Vielleicht war die Brandstiftung ein Angriff auf diese offenen, toleranten und diskriminierungsfreien Prinzipien. In Zeiten des gesellschaftlichen Rechtsruckes ist dies eine nahe liegende Vermutung. Die hohen Wahlergebnisse für Parteien die rassistische Politik propagieren und durchführen, die gestiegene Anzahl an rassisitischen, antisemitischen und trans- sowie homophoben Übergriffen, die von rechten Parteien geforderte Einstellung von Gleichberechtigungsmaßnahmen – dies alles macht uns große Sorgen und das SZ wäre nicht das erste alternative Zentrum, welches aus diesen Gründen angegriffen wird. In der Vergangenheit haben Rechte uns schon angepöbelt, bedroht und die Fassade des SZs mit Hakenkreuzen angesprüht. Allerdings haben wir keinerlei Hinweise auf einen solchen Hintergrund feststellen können. Es könnte sich ebenfalls um einen „Streich“ von Kindern handeln oder aber um das Werk des*der Brandstifter*in, welche*r schon seit Monaten in Bochum Hamme regelmäßig Dinge anzündet, etwa Kleidercontainer oder auch Autos. Uns ist auch egal, welchen Hintergrund diese Brandstiftung hat – wir verurteilen die Gefährdung unserer Infrastruktur und vor allen Dingen die Gefährdung des Lebens unserer Nachbar*innen. Es ist nicht lustig, nicht mutig und erst recht keine politische Aussage, einen Brand an einem Wohnhaus zu legen.

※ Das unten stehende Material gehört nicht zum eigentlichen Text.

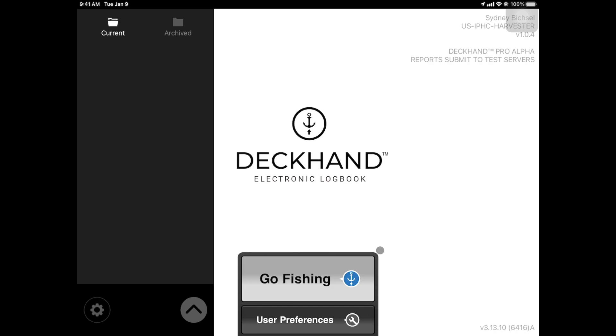In this video, we will review how to employ the IPHC Harvester workflow using DeckHand Logbook.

Als letztes sei noch gesagt, dass wir – wie auch so viele andere Zentren, Geflüchtetenwohnheime oder Opfer rassistisch, homo- oder transphob motivierter Gewalt – keine Hilfe von der Polizei erwarten konnten. Die Brandstiftung wurde unsererseits sofort nach Entdecken angezeigt. Die Beamten zeigten jedoch kein Interesse, haben keine Spuren aufgenommen und letztendlich nicht einmal eine richtig Anzeige aufgenommen. Anstatt eine Brandstiftung aufzunehmen, mussten wir am nächsten Tag erfahren, dass das ganze bei der Polizei als „Sachbeschädigung durch Feuer auf Straßen, Wegen oder Plätzen“ bearbeitet wurde, als habe niemand eine Eingangstür an einem bewohnten Haus angezündet, als wäre niemals auch nur ein Mensch in Gefahr gewesen. Um die Ernsthaftigkeit dieses Anschlages zu unterstreichen haben wir deshalb selbst gemachte Fotos bei der Polizei eingereicht, da die Polizisten vor Ort „keine funktionierende Kamera dabei hatten“. Doch die Staatsanwaltschaft Bochum schloss sich der ignoranten Vorgehensweise an und sendete den Einstellungsbescheid schon nach erstaunlichen 8 Werktagen an die Anzeigestellerin, ohne Rückfragen zu der offensichtlichen Diskrepanz zwischen der aufgenommenen Anzeige und den Beweisfotos zu stellen. Eine Aufklärung der Tat oder gar eine Stellung des*der Täter*innen haben wir eh nicht erwartet. Dass allerdings auch nur der Anfang einer Ermittlung weder seitens der Streifenpolizisten, noch der bearbeitenden KriPo-Beamten, noch der Staatsanwaltschaft als notwendig erachtet wird, erstaunt uns schon sehr. Wie gesagt, es geht hier um einen vorsätzlich gelegten Brand an einem Wohnhaus. Wir müssen mit dieser Stellungnahme daher auch eine Erklärung der Staatsanwaltschaft Bochum und der Polizeipräsidentin Kerstin Wittmeier zu den Nicht-Ermittlungen einfordern.